Nuevamente, Jesús está expuesto a una trampa, esta vez intentan ponerlo a prueba con la cuestión acerca de cuál es el mandamiento más importante. Los fariseos buscaban desacreditarlo, afirmando que no sabía interpretar la ley de Moisés. Pero Jesús no busca la respuesta en los mandamientos ni en la regla de oro: «No hagas a nadie lo que no te agrada a ti» (Tob 4, 15); tampoco en la idea de que en la observación del sábado se
resumía toda la Ley. Jesús se remite al Shemá: «Escucha Israel…» y agrega, «amarás a tu prójimo como a ti mismo».
El Señor, con su respuesta, se coloca en una cuestión más de fondo, ya que lo importante no es saber cuál es el mandamiento más importante en medio de los preceptos, sino en buscar el origen de estos. Jesús propone dos actitudes: amar a Dios y al prójimo. Para él, el amor a Dios y al hermano es algo esencial de la Toráh, pero ha sido descuidado por los escribas y fariseos. Sus normas y rituales los han desviado de lo fundamental. Ahora será el amor o la caridad lo que equilibre estos dos mandamientos de amar a Dios y al prójimo como a uno mismo. Porque no se puede observar la Ley si falta lo esencial, el amor o la caridad. En este sentido, la caridad es más que un sentimiento, porque se refiere a la fidelidad a la alianza, es decir, es una cuestión de voluntad y de acción que va fortaleciendo la autoestima.

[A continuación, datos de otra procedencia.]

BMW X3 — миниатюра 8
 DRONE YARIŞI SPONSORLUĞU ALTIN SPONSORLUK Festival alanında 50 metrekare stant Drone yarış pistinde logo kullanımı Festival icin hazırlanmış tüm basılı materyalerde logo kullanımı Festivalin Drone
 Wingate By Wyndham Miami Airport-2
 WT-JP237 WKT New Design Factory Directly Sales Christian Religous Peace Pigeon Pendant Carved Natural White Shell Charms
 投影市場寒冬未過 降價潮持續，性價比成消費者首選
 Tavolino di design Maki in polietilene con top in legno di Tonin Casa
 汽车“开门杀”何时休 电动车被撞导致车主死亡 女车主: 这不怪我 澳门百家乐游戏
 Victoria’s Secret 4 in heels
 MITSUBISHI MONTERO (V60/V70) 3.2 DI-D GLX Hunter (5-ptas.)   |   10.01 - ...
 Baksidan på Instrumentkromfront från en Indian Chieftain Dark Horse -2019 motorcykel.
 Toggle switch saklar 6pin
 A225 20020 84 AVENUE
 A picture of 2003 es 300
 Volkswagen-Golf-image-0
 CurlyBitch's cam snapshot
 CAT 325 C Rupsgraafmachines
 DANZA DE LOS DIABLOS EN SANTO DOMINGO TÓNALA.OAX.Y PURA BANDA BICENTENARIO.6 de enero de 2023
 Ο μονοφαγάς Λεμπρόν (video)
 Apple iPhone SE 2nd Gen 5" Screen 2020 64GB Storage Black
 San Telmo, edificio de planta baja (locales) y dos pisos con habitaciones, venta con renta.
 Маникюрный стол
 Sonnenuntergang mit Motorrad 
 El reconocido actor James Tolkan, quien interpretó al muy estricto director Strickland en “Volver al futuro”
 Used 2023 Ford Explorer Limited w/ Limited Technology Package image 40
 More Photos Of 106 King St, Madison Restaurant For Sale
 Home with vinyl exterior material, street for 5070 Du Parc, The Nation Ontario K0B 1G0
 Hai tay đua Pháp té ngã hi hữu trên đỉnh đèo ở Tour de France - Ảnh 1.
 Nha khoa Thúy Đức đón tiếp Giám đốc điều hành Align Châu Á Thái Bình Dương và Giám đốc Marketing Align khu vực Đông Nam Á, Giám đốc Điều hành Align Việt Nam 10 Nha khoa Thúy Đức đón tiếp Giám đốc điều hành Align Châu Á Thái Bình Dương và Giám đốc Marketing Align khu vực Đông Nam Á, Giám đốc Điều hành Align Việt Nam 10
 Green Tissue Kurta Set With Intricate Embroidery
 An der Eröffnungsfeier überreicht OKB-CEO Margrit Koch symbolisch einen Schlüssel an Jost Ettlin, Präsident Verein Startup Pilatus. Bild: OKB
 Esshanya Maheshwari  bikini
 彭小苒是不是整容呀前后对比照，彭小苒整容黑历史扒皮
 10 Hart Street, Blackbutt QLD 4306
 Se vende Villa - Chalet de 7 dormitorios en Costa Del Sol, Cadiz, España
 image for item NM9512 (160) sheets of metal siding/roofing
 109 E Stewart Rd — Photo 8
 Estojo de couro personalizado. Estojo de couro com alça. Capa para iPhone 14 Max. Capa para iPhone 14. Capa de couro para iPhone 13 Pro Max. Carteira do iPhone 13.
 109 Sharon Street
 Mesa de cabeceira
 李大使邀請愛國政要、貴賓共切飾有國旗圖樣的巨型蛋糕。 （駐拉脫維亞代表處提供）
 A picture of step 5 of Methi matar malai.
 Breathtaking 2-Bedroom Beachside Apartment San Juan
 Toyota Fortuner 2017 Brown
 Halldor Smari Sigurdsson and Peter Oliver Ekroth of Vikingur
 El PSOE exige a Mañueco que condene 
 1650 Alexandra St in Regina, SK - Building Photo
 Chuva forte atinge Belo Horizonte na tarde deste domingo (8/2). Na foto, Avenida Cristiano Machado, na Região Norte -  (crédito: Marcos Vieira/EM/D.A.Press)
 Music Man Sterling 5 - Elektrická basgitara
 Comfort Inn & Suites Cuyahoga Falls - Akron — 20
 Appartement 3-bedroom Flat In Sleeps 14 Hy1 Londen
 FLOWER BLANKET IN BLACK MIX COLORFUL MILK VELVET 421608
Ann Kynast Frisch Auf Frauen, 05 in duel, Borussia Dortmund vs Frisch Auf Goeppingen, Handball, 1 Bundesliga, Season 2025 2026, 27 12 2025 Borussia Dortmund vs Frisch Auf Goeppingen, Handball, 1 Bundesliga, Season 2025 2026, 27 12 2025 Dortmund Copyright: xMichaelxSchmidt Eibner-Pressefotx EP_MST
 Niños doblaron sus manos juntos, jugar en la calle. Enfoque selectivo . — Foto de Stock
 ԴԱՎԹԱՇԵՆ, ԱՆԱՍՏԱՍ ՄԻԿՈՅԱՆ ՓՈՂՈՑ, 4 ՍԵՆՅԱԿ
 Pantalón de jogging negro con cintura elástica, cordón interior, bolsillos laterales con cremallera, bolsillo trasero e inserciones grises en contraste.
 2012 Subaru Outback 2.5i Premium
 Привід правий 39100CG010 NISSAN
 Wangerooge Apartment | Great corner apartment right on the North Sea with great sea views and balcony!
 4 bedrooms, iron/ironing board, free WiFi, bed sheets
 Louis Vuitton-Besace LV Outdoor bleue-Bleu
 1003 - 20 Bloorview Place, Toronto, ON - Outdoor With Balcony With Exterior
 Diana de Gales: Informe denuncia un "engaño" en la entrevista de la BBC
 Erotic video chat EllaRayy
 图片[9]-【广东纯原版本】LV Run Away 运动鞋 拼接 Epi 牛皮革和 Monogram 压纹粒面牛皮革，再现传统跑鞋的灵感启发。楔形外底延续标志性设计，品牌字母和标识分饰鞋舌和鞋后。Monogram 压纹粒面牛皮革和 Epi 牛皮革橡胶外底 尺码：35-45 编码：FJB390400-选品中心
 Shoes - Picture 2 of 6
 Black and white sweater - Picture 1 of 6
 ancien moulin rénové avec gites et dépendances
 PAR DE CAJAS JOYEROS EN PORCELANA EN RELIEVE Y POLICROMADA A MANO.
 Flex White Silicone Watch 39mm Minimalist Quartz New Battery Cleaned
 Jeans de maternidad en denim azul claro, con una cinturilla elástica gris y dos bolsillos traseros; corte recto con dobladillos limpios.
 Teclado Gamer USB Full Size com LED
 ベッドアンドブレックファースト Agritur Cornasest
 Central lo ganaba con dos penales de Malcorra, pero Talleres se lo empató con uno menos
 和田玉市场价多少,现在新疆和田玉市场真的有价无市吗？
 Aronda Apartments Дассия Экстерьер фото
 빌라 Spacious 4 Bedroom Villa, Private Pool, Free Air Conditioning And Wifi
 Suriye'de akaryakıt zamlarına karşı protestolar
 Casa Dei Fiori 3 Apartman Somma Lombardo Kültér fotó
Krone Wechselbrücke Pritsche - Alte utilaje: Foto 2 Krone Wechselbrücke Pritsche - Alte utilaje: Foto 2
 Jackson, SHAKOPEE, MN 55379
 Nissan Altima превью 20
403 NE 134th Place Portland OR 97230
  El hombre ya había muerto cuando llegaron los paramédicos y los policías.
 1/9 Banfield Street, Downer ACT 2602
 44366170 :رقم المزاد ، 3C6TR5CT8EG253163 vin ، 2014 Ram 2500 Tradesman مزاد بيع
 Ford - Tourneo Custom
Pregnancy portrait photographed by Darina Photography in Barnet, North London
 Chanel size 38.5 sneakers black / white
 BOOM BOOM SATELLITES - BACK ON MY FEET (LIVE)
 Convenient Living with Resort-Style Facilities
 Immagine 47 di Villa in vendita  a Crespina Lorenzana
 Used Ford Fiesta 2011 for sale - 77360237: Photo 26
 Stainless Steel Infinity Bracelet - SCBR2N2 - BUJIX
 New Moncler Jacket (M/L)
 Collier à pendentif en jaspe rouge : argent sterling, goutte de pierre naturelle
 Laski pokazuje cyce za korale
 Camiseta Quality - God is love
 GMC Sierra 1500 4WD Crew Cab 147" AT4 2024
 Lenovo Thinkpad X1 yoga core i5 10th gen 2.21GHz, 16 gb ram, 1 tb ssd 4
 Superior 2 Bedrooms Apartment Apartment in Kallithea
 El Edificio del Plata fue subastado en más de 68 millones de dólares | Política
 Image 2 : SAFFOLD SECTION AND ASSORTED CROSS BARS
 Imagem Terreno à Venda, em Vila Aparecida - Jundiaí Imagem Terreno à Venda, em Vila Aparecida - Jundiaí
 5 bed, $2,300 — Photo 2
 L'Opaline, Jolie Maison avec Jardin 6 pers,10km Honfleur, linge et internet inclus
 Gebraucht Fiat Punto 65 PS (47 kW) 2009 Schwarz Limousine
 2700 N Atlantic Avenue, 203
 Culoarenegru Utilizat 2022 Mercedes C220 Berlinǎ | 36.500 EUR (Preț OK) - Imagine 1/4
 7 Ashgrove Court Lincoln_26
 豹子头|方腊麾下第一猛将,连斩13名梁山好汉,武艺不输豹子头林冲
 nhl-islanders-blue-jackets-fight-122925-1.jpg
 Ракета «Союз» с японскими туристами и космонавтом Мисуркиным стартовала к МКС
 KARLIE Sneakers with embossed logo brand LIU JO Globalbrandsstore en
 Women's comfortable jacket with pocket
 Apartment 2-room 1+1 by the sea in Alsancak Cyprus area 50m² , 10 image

Sentirse amado por Dios, amar a Dios y amar al prójimo como a sí mismo nos lleva a sentirnos gratificados y felices. Sin amor al prójimo no hay amor a Dios, no hay verdadero cumplimiento de su voluntad ni se alcanza la santidad de vida. Por eso, cuando hacemos el bien no debemos hacerlo pensando en la vuelta de mano, sino únicamente, buscando el «bien y crecimiento» de ese otro. Sin embargo, el amor al prójimo no sustituye el amor
de Dios, pero es tan importante como amar a Dios.
«Jesús le respondió: “Amarás al Señor, tu Dios, con todo tu corazón, con toda tu alma y con todo tu espíritu”» (Mt 22, 37).